Posted by: some dad | Aug 3, 2005 9:55:14 PM
I think the answer to Lior's anthropological question does rest, as Orin seems to suggest, not in qualitative differences between homicide and sex offenses, but in the perceived differences between these offenders. Because of the circumstances commonly leading to non-sex offense homicides that Orin identified, non-sex offense homicides generally are viewed as context-driven and impulse crimes whose perpetrators cannot be "zoned" effectively. Sex offenders, by contrast, commonly are thought to prey on their surrounding environment, which can extend to neighbors, schools, daycare centers and the like, the exact subjects that these zoning laws seek to protect.
Posted by: Brooks | Aug 3, 2005 3:59:38 PM
I think the answer to Lior's anthropological question may be the differences between common types of homicides and common types of sexual offenses. My understanding is that neighbor-to-neighbor homicide is extremely rare; most homicides involve drugs, gangs, relationships, robberies gone awry, etc. Sadly, neighbor-to-neighbor sexual offenses are much more common.
Posted by: Orin Kerr | Aug 3, 2005 3:22:12 PM
Christine,
You seem dismissive of all of the safety measures that parents have "glommed" on to. So these items don't help to keep children safer?
You aren't suggesting that allowing a child molester to live directly beside an elementary school possesses no increased danger to children are you? Are you aware of the recidivism rates among pedophiles? One study that I'm aware of (Center for Sex Offender Management) showed that within five years after release, same-sex child molesters had a recidivism rate of over 50%. Better than 50/50 that a child will be assaulted within five years of release. It doesn't sound like laws aimed at restricting their residency is a "red herring" at all.

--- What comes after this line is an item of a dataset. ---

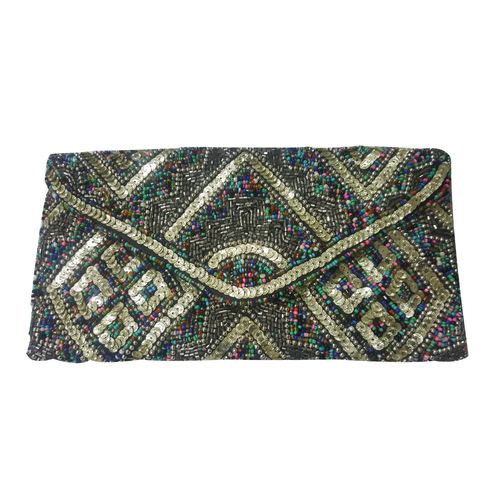Multiple Glass Beaded Embroidery Clutch Bag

By the way, was your "it seems that one way to keep your kids away from sex offenders is not to date them" line a back-handed way of saying it is the parents fault? Given that so many women who are victimized by violence are or have been in a relationship with their attacker, what would you say if someone opposing a violence against women enhancement said "it seems that one way for women to keep from being raped or assaulted is to not date or marry rapists and abusers".

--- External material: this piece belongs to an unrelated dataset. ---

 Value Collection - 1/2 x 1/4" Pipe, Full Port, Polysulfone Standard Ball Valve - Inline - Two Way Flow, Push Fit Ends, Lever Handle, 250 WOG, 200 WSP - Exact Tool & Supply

Posted by: MJ | Aug 3, 2005 1:34:42 PM
"Zoning Cartman." Now *that's* a great blog post title. Kudos, Lior.
Posted by: Hillel Levin | Aug 3, 2005 1:18:23 PM
On only naked intuition, I assume that "we" focus on sex offenders because we believe that sex offenders are more likely to be recidivists, less likely to be subject to rational deterrence, and more likely to be "uncontrollable". Therefore, people naturally focus on ex ante avoidance more than ex post punishment.
I don't know if these generalizations are accurate, but they are part and parcel with the state regulations that provide for sex offenders to be perpetually imprisoned beyond their actual sentences if they are deemed to be continuing dangers.
Posted by: Will Baude | Aug 3, 2005 12:06:36 PM
Lior, when I was guest blogging here, I blogged about new residential communities that were using deed restrictions to keep sex offenders from living there. I had the same reactions as you, namely what about murderers and thieves? Unfortunately, I think that this focus on the sex offenders is a misguided red herring for parents concerned about the safety of their children. Just as parents have glommed on to car seats, flame-resistant pajamas, outlet covers, and helmets for roller skating, ice skating, and riding a tricycle, parents glom on to the addresses of sex offenders to give them the ability to sleep through the night while raising children in a dangerous world. I can relax if I live in a sex-offender-free neighborhood. However, many of these sex-offender cases seem to involve family members or friends that would have been invited into your home anyway. At least from watching CNN.com, which is probably not a scientific survey, it seems that one way to keep your kids away from sex offenders is not to date them.